### [PROBLEM TO SOLVE]
Extract the lines up to and including the one that contains "El tatuador (’tatuado’", starting with the first line of the entries below, and omit the pictures.

### [MATERIAL PROVIDED]
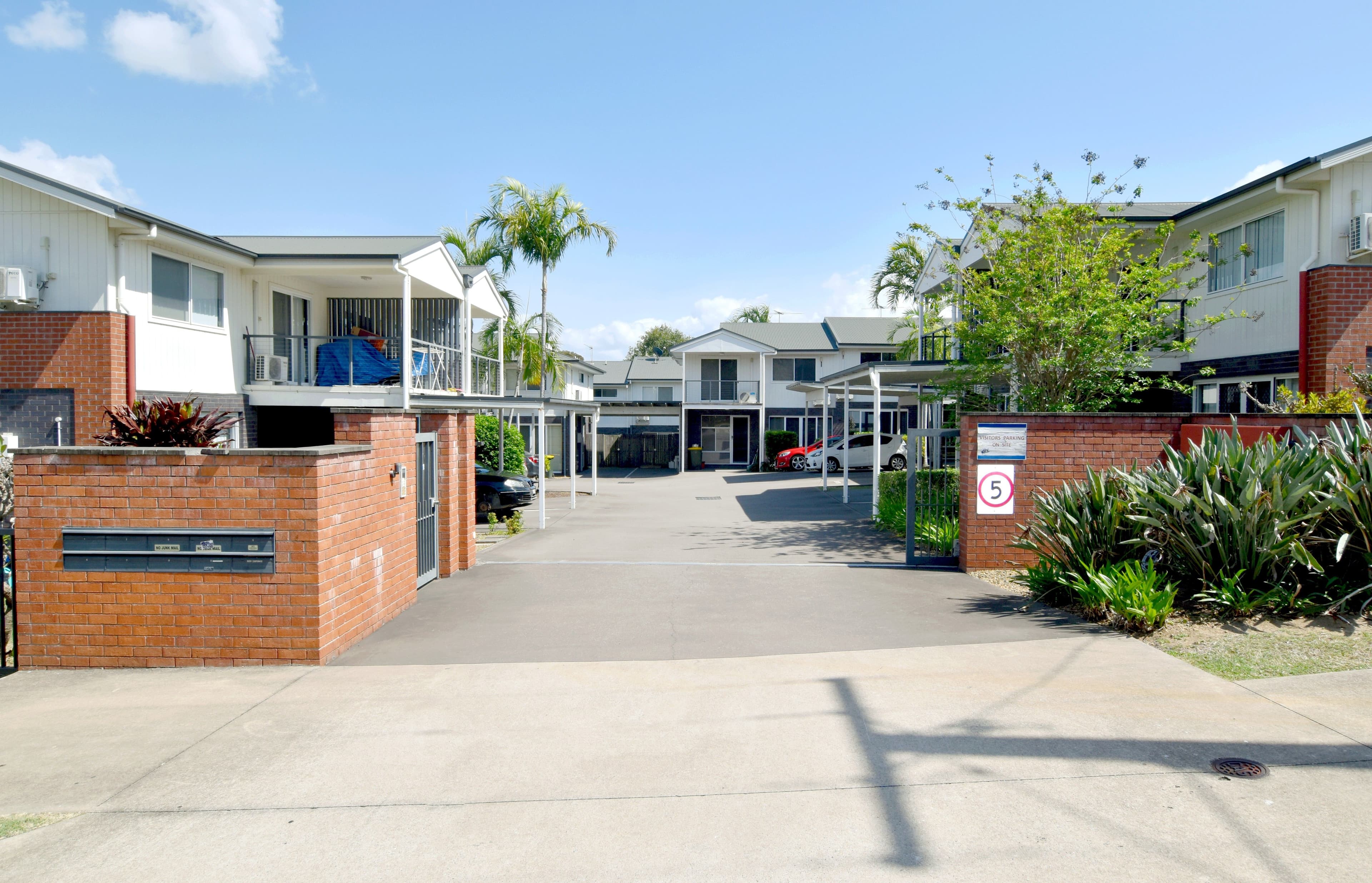 4/14 Fowler Street, West Gladstone QLD 4680, West Gladstone - Image 1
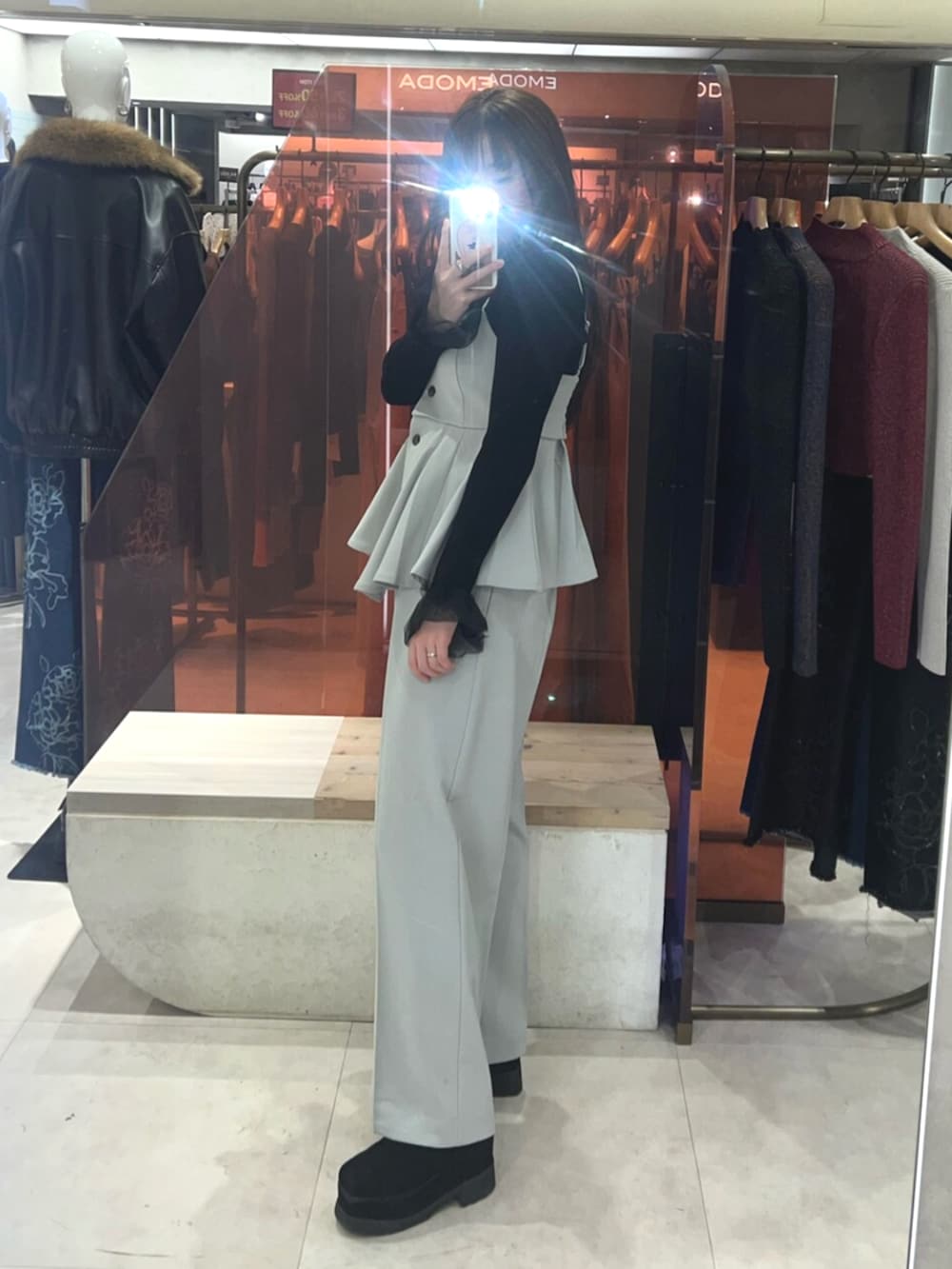 ブラック系のブーツ、グリーン系のスラックス、グリーン系のその他トップスを着用したレディースの冬コーディネートの4枚目の写真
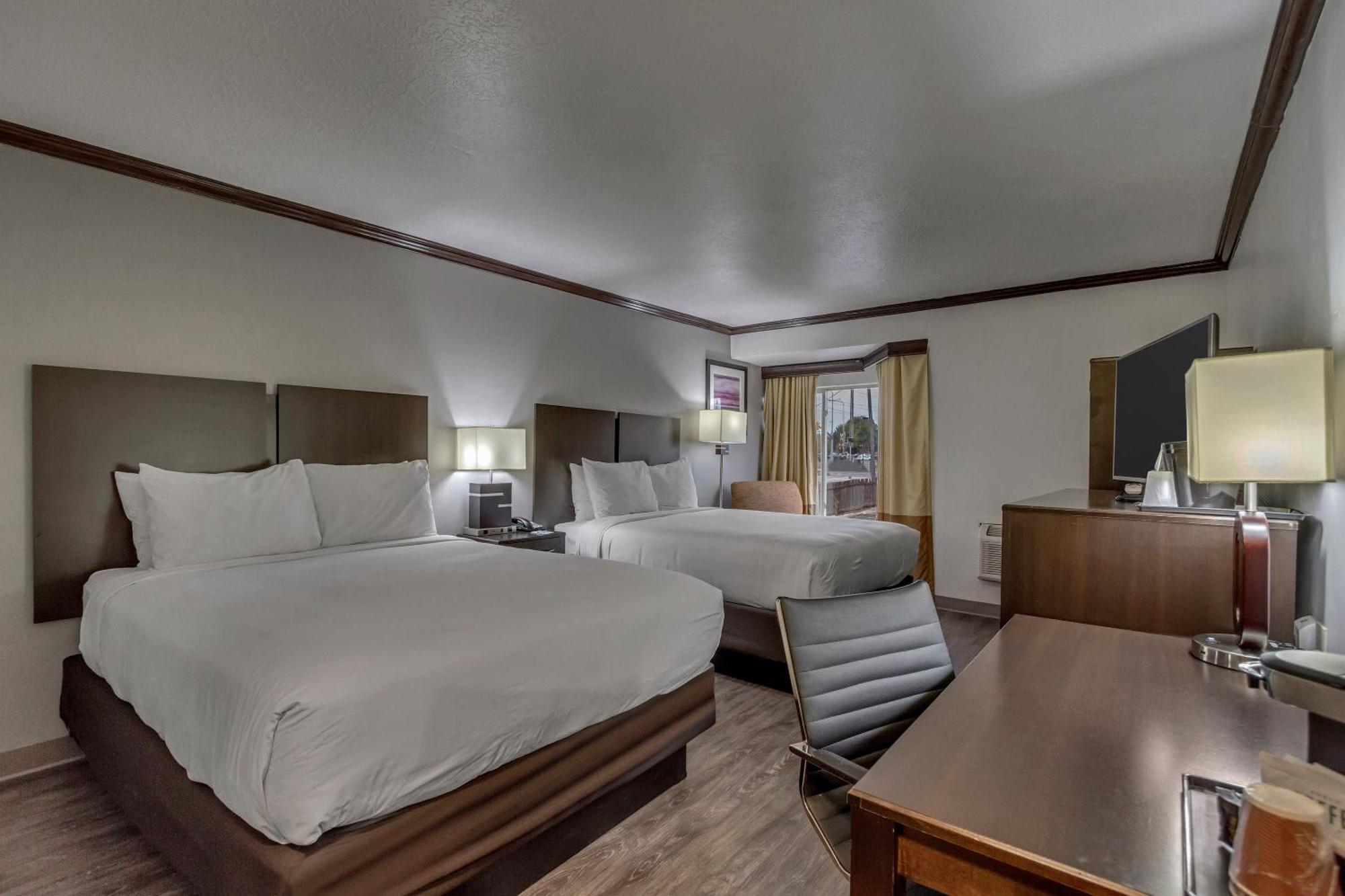 Queen Room Two Queen Beds Non-Smoking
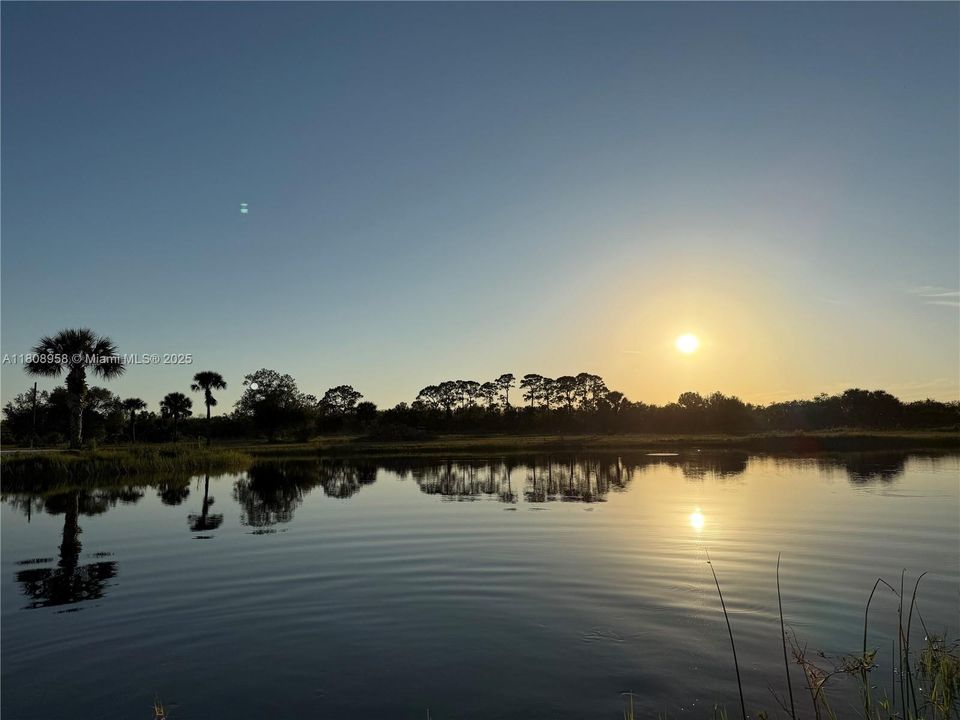 For Sale: $1,899,000 (20.25 acres)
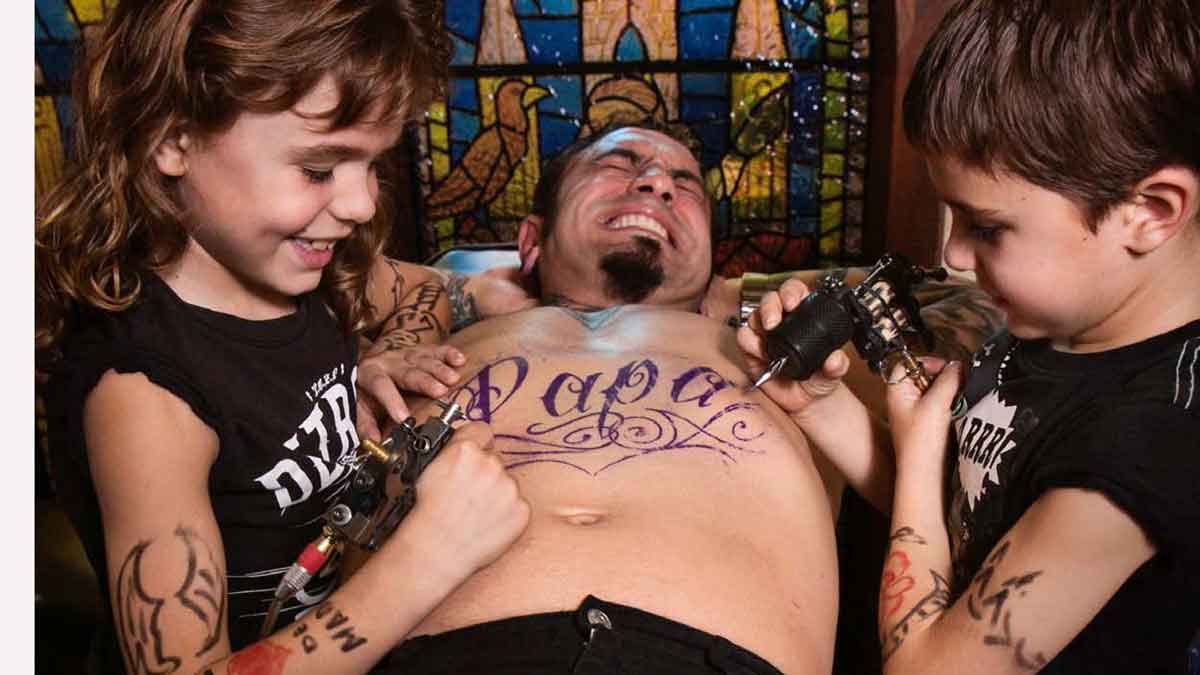 El tatuador (’tatuado’ por sus hijos) ilustra el mes de marzo. | CRUZ CAMPA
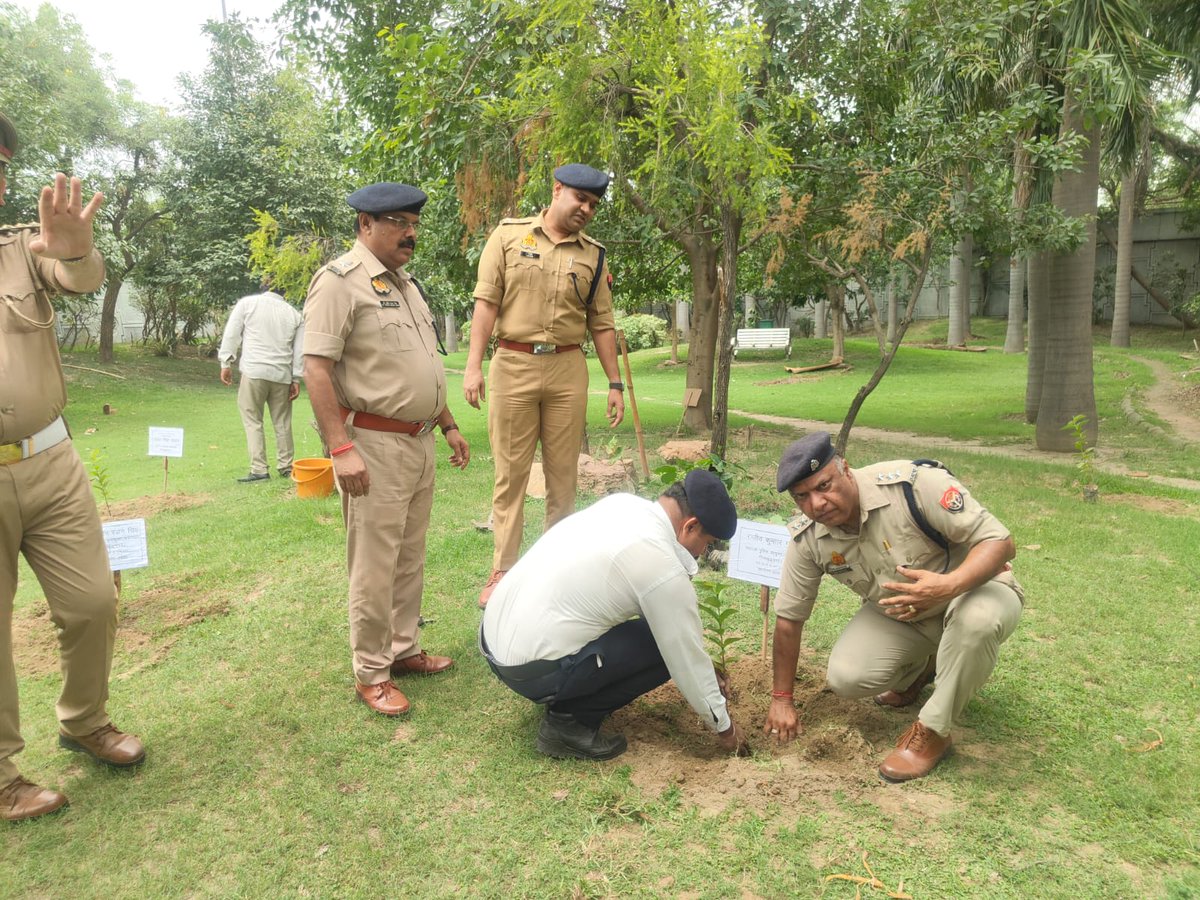 DCP Traffic Noida (@dcptrafficnoida) on Twitter photo "рдПрдХ рдкреЗрдбрд╝ рдорд╛рдБ рдХреЗ рдирд╛рдо рдЕрднрд┐рдпрд╛рди 2.0" рдХреЗ рдЕрдВрддрд░реНрдЧрдд рдкреБрд▓рд┐рд╕ рдЙрдкрд╛рдпреБрдХреНрдд рдпрд╛рддрд╛рдпрд╛рдд <a href="/dcptrafficnoida/">DCP Traffic Noida</a> рджреНрд╡рд╛рд░рд╛ рдЕрдкрд░ рдкреБрд▓рд┐рд╕ рдЙрдкрд╛рдпреБрдХреНрдд рдХреЗ рд╕рд╛рде рдпрд╛рддрд╛рдпрд╛рдд рдХрд╛рд░реНрдпрд╛рд▓рдп рд╕реЗрдХреНрдЯрд░тАУ14A рдкреНрд░рд╛рдВрдЧрдг рдореЗрдВ рдХрд┐рдпрд╛ рдЧрдпрд╛ рд╡реГрдХреНрд╖рд╛рд░реЛрдкрдг!ЁЯМ│
#EkPedMaaKeNaam "рдПрдХ рдкреЗрдбрд╝ рдорд╛рдБ рдХреЗ рдирд╛рдо рдЕрднрд┐рдпрд╛рди 2.0" рдХреЗ рдЕрдВрддрд░реНрдЧрдд рдкреБрд▓рд┐рд╕ рдЙрдкрд╛рдпреБрдХреНрдд рдпрд╛рддрд╛рдпрд╛рдд <a href="/dcptrafficnoida/">DCP Traffic Noida</a> рджреНрд╡рд╛рд░рд╛ рдЕрдкрд░ рдкреБрд▓рд┐рд╕ рдЙрдкрд╛рдпреБрдХреНрдд рдХреЗ рд╕рд╛рде рдпрд╛рддрд╛рдпрд╛рдд рдХрд╛рд░реНрдпрд╛рд▓рдп рд╕реЗрдХреНрдЯрд░тАУ14A рдкреНрд░рд╛рдВрдЧрдг рдореЗрдВ рдХрд┐рдпрд╛ рдЧрдпрд╛ рд╡реГрдХреНрд╖рд╛рд░реЛрдкрдг!ЁЯМ│
#EkPedMaaKeNaam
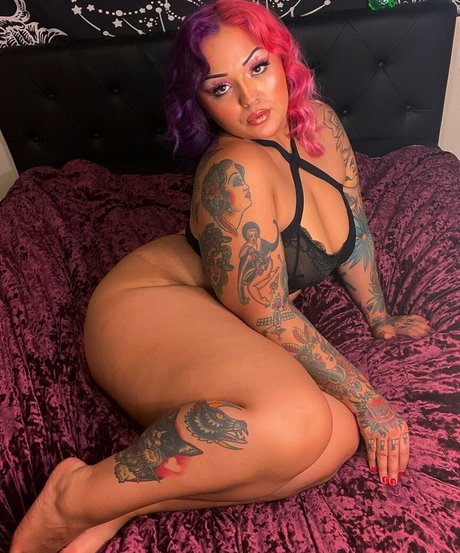Dee Vicious ポルノ女優 写真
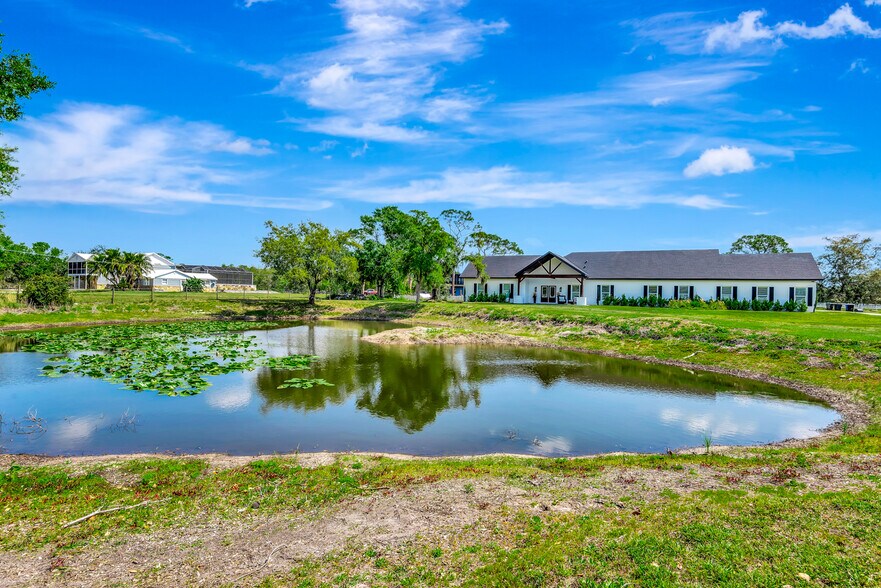 2400 Lorraine Rd, Sarasota, FL à vendre - Photo de l’immeuble – Image 2 sur 14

### [SOLUTION TO THIS PROBLEM]
 4/14 Fowler Street, West Gladstone QLD 4680, West Gladstone - Image 1
 ブラック系のブーツ、グリーン系のスラックス、グリーン系のその他トップスを着用したレディースの冬コーディネートの4枚目の写真
 Queen Room Two Queen Beds Non-Smoking
 For Sale: $1,899,000 (20.25 acres)
 El tatuador (’tatuado’ por sus hijos) ilustra el mes de marzo. | CRUZ CAMPA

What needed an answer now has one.